Grasses/ Sedges/ Flax:
• Carex secta (Purei)
• Carex lessoniana (Ruatahi)
• Carex geminata (Cutty grass)
• Cyperus ustulatis (Giant umbrella sedge)
• Carex virgata (Swamp sedge)
• Austroderia/ Cortaderia fulvida (Toetoe/Kakaho)
• Juncus gregiflorus/ edgarii (Wiwi)
• Apodasmia similis (Oioi)
• Machaerina sinclairii (Pepepe)
• Phormium tenax (Harakeke)
• Leptospermum scoparium (Manuka/Teatree)
• Cordyline australis (Cabbage tree)
• Carpodetus serratus (Putaputaweta)
• Coprosma propinqua (Mingimingi)
• Laurelia nouvae-zealandiae (Pukatea)
• Dacrycarpus dacrydioides (Kahikatea)
What is the difference between Carex secta and Carex virgata?
These two grasses are very similar and often mistaken for each other. Carex secta grows better in swampy areas than Carex virgata, the Virgata does not grow quite as large as the Secta and is more dry tolerant. Colour wise the Carex secta has a slightly more goldy tinge to it while the Virgata is more vibrant green, it gets more difficult to tell the difference in colour as the plants reach full growth. See more detail on both of these grasses on our website – https://www.kauriparknurseries.co.nz/plants/carex-secta-purei & https://www.kauriparknurseries.co.nz/plants/carex-virgata
What is the best time of the year to plant NZ natives?
The best time of the year to plant large areas of native revegetation in between May – October. This allows the plants to establish in their new homes during the winter months while they are getting a constant supply of water/rain. Planting outside this timeframe means that watering may be required to keep the plants alive.
What plants should I use in my wetland?
Wetland plantings are usually split into two zones call ‘Fully submerged’ and ‘Terrestrial’.
The Fully submerged zone requires plants that live in the water and can live completely submerged under water for a time. These include the Baumea/ Machaerina articulata, Baumea/ Machaerina rubiginosa, Baumea/ Machaerina teretifolia, Baumea/ Machaerina juncea, Bolboschoenus fluvilatilis, Schoenoplectus tabernaemontani and Typha orientalis.
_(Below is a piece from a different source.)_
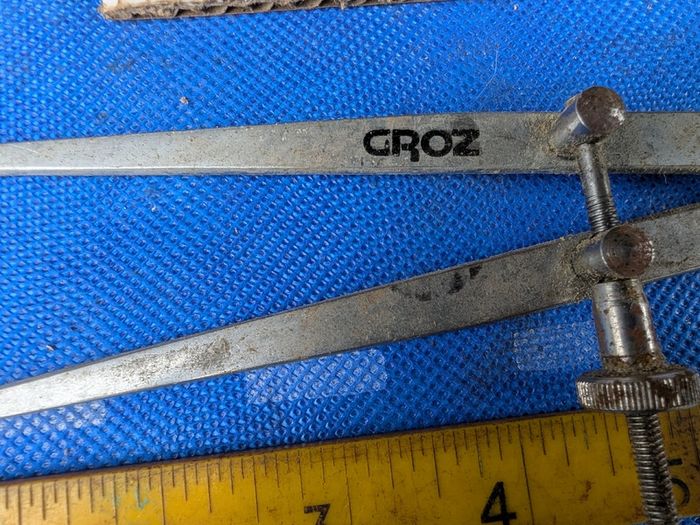 150mm dividers by Groz.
The Terrestrial zone (also known as Boggy zone) is the outer edge of the wetland and requires plants that can survive in dry ground as well as having their roots in the water from time to time (as the level of water in the wetland rises and falls). The plants best suited for this zone include; Carex secta, Carex lessoniana, Carex geminata, Carex virgata, Apodasmia/ Leptocarpus similus, Isolepsis/Ficinia nodosa, Eleocharis acuta, Juncus gregiflorus/ edgarii, Juncus pallidus, Phormium tenax, Cordyline australis and Plagianthus divaricatus.
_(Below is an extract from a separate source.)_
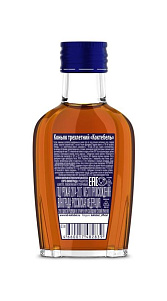 Коньяк Коктебель, 3 года, 0,1л.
I want to plant a short hedge to border my garden, what should I use?
The two most common ‘short hedging’ lines are the Buxus hedging and Teucrium fruticans. The Buxus hedging has a dark green dense foliage and depending on the variety can grow to a maximum height of 1-1.5m. The Buxus is slow growing and is excellent for formal gardens, topiary displays and container planting.
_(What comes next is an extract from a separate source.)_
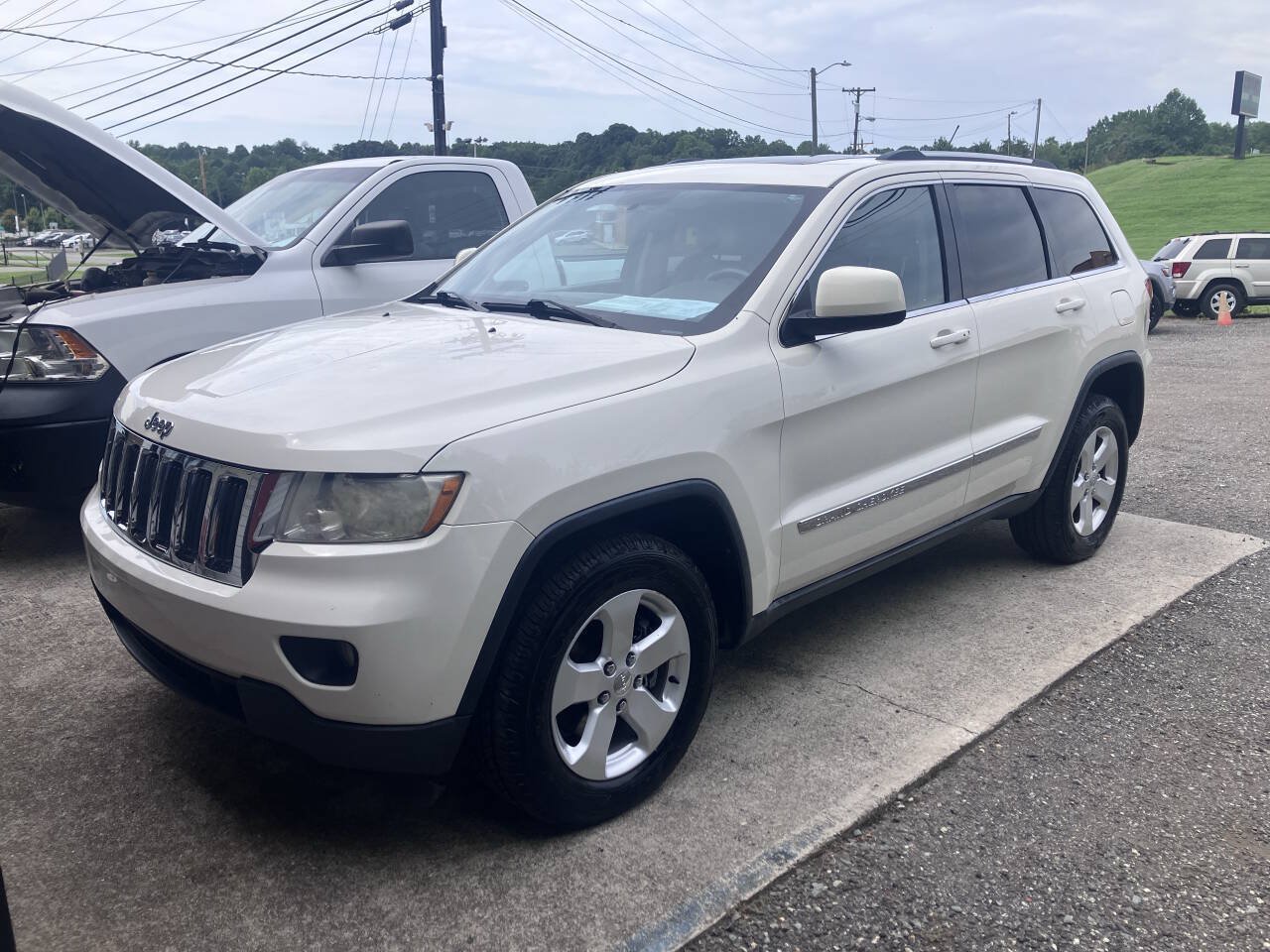 Used 2012 Jeep Grand Cherokee Laredo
The Teucrium fruticans (also known as the Silver germander) has grey-green leaves with white undersides. Lavender blue flowers appear through spring/summer and at full maturity the plants can grow to a maximum of 2m high. The Teucrium are fast growing and look great as a clipped hedge bordering a garden.
What spacings should I plant my Griselinia hedge at?
The closer together the Griselinia’s are planted the quicker the hedge will form. We would suggest planting at 750mm spacings. For a more instant hedge the plants could be placed at 500mm spacings or if you are looking to save on costs spacings could be as much as 1m.
For a Manuka plantation, what spacing should the plants be planted at/ how many stems per hectare?
Plant spacing’s (stems per hectare) depends largely on the contour of the land.
For steep hill country we recommend planting 1100 – 1500 plants per ha and for more gentle contoured land we recommend increasing the density to between 1800 – 2500 plants per ha. Other nectar sources (clover etc) will dilute the honey so the larger the area of Manuka the more concentrated and valuable the honey will be. For more gentle contoured land, Manuka can also be grown in hedgerows. The hedgerows can be kept trimmed, with the trimmings being able to be sold for leaf oil extraction. The trimmed plants can be maintained in a juvenile state thereby substantially increasing the plants longevity.
How quick do you start to get a return from a Manuka plantation?
Usually the first honey harvest from a newly planted plantation will begin 3 years after planting, with maximum honey yields occurring from year 6 onwards. In saying this, some Manuka plants will flower as quickly as 1 year post planting.